EXERCISE:
Return the entries below word for word; no images should appear in the copy.

MATERIAL FOR THIS EXERCISE:
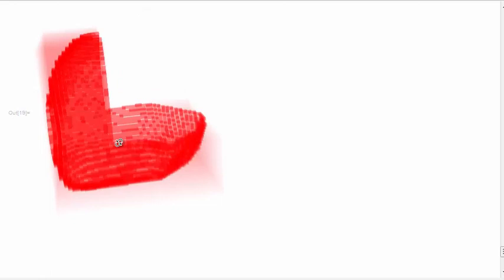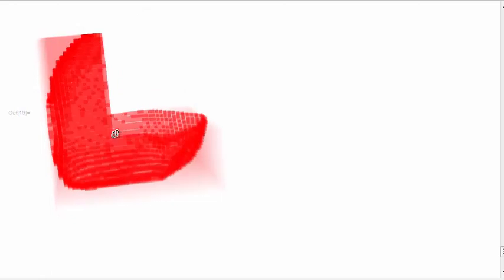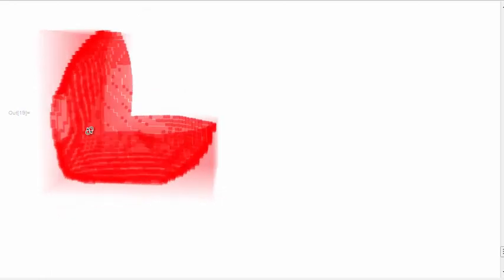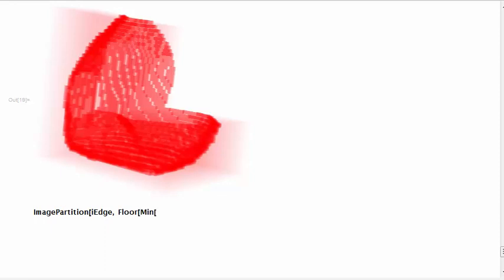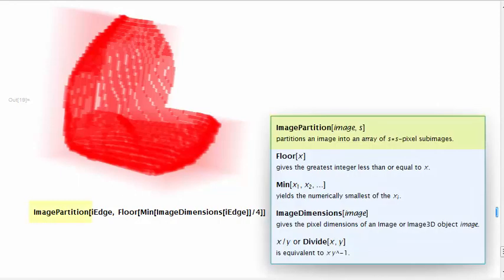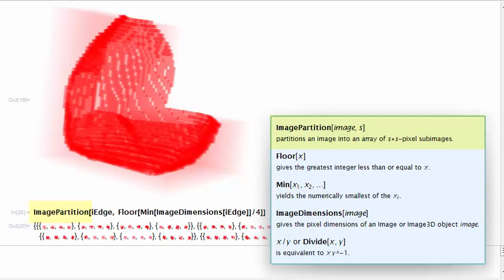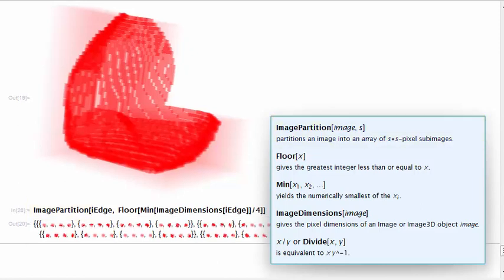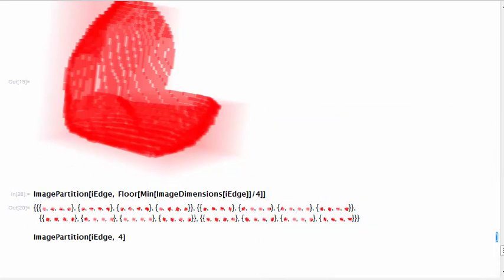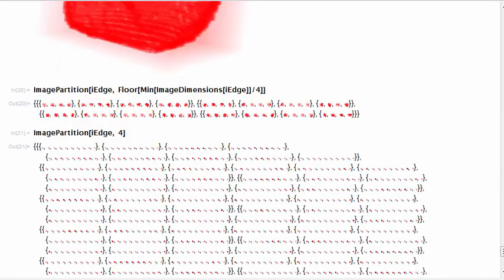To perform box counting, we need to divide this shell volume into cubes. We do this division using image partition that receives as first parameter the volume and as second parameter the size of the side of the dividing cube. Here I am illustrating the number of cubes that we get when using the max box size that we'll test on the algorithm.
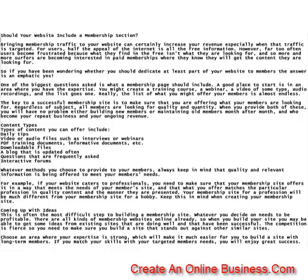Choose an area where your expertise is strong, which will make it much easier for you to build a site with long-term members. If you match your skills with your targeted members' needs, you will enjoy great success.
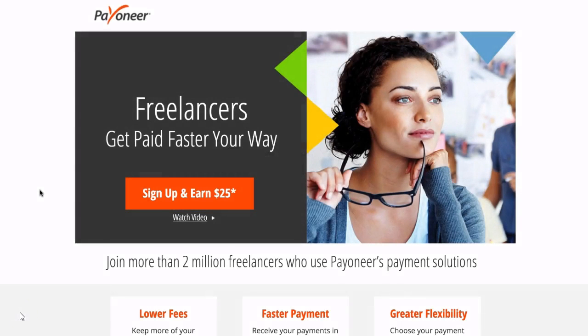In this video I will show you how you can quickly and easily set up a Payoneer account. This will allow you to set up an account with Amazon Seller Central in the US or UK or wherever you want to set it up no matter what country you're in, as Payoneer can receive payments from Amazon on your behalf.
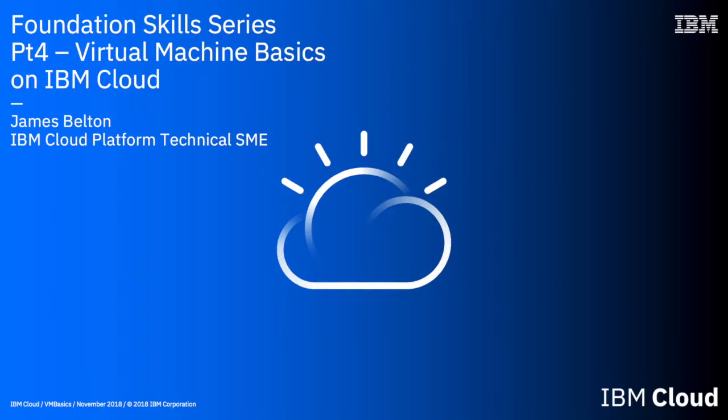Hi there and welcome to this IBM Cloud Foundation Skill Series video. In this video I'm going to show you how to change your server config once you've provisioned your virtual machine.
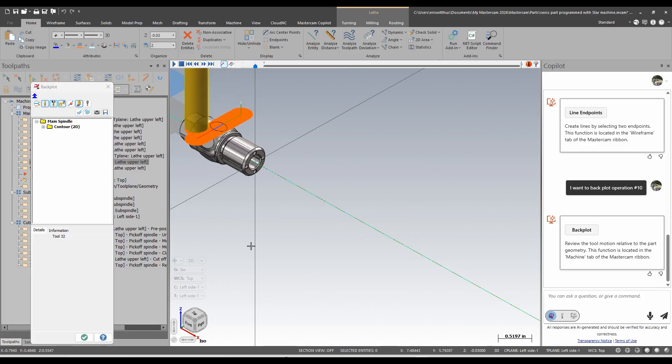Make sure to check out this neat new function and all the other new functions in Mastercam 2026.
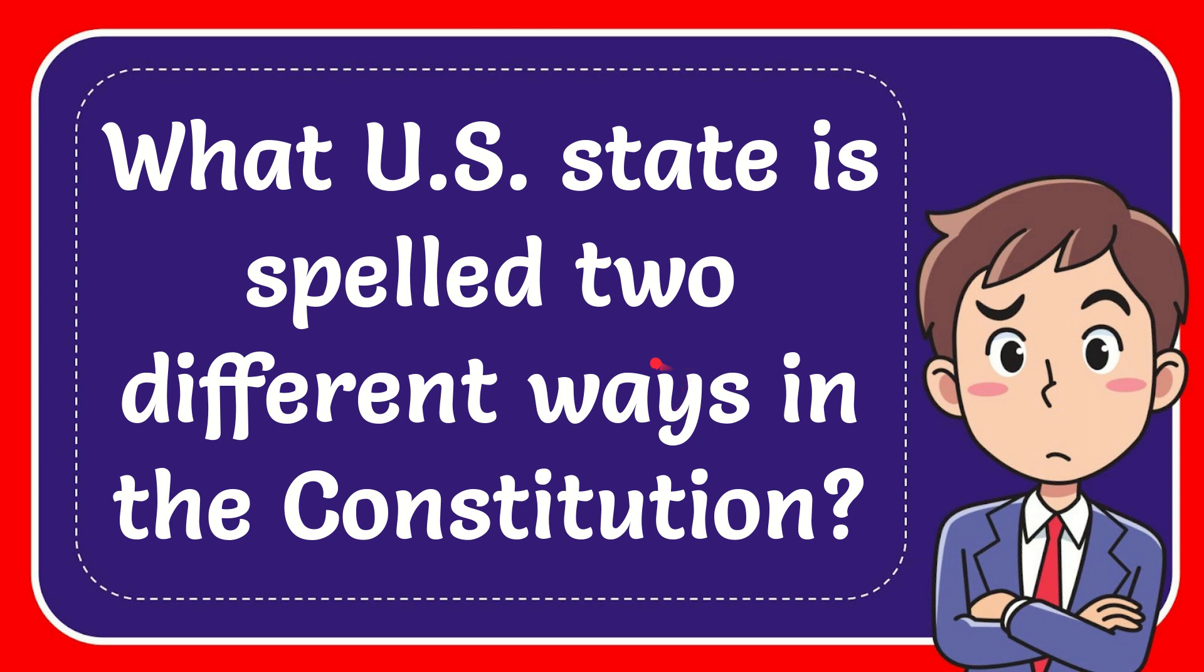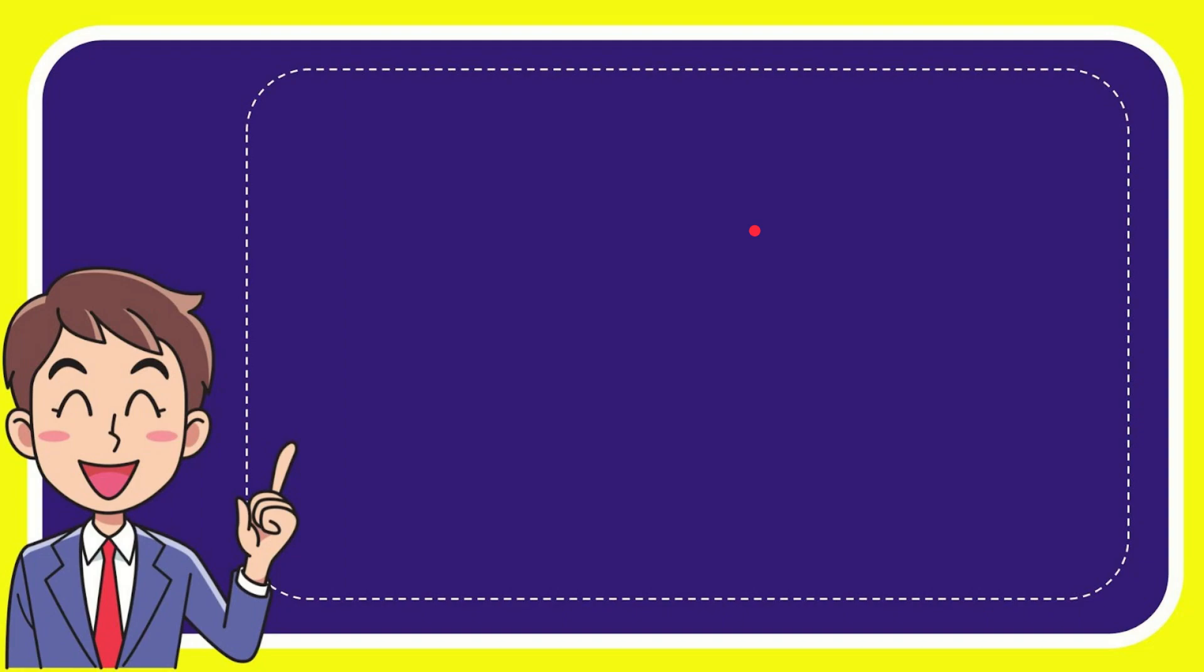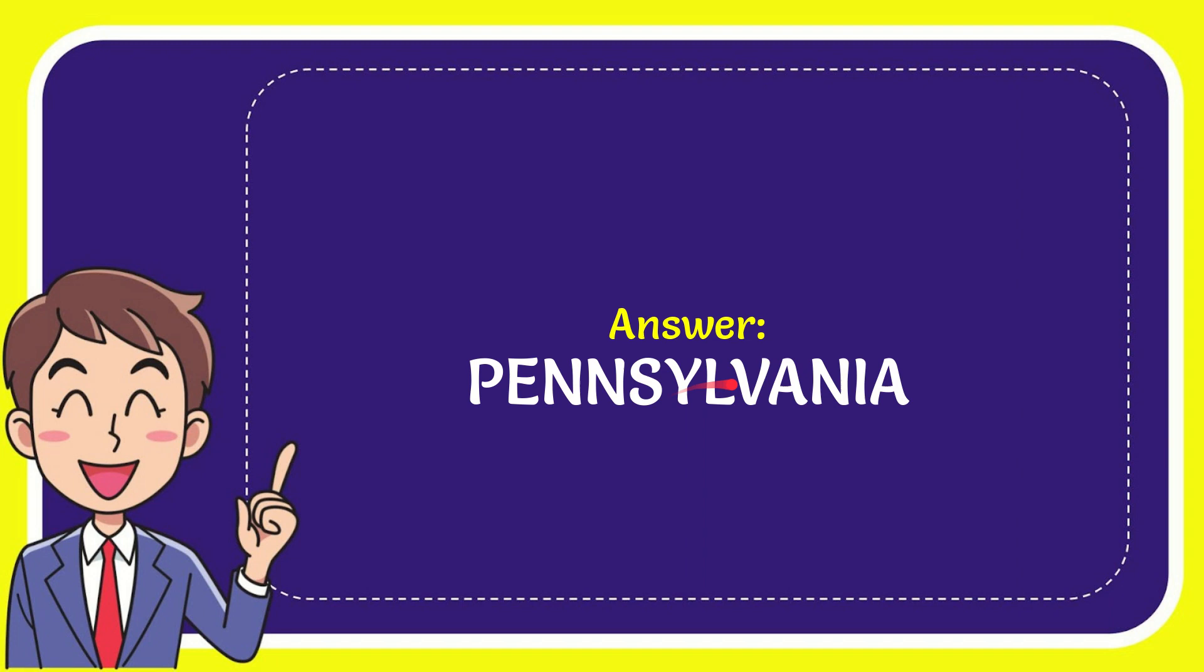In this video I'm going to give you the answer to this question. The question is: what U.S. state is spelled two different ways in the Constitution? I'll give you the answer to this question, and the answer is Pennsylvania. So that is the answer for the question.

SOLUTION TO THE EXERCISE:
To perform box counting, we need to divide this shell volume into cubes. We do this division using image partition that receives as first parameter the volume and as second parameter the size of the side of the dividing cube. Here I am illustrating the number of cubes that we get when using the max box size that we'll test on the algorithm.
Choose an area where your expertise is strong, which will make it much easier for you to build a site with long-term members. If you match your skills with your targeted members' needs, you will enjoy great success.
In this video I will show you how you can quickly and easily set up a Payoneer account. This will allow you to set up an account with Amazon Seller Central in the US or UK or wherever you want to set it up no matter what country you're in, as Payoneer can receive payments from Amazon on your behalf.
Hi there and welcome to this IBM Cloud Foundation Skill Series video. In this video I'm going to show you how to change your server config once you've provisioned your virtual machine.
Make sure to check out this neat new function and all the other new functions in Mastercam 2026.
In this video I'm going to give you the answer to this question. The question is: what U.S. state is spelled two different ways in the Constitution? I'll give you the answer to this question, and the answer is Pennsylvania. So that is the answer for the question.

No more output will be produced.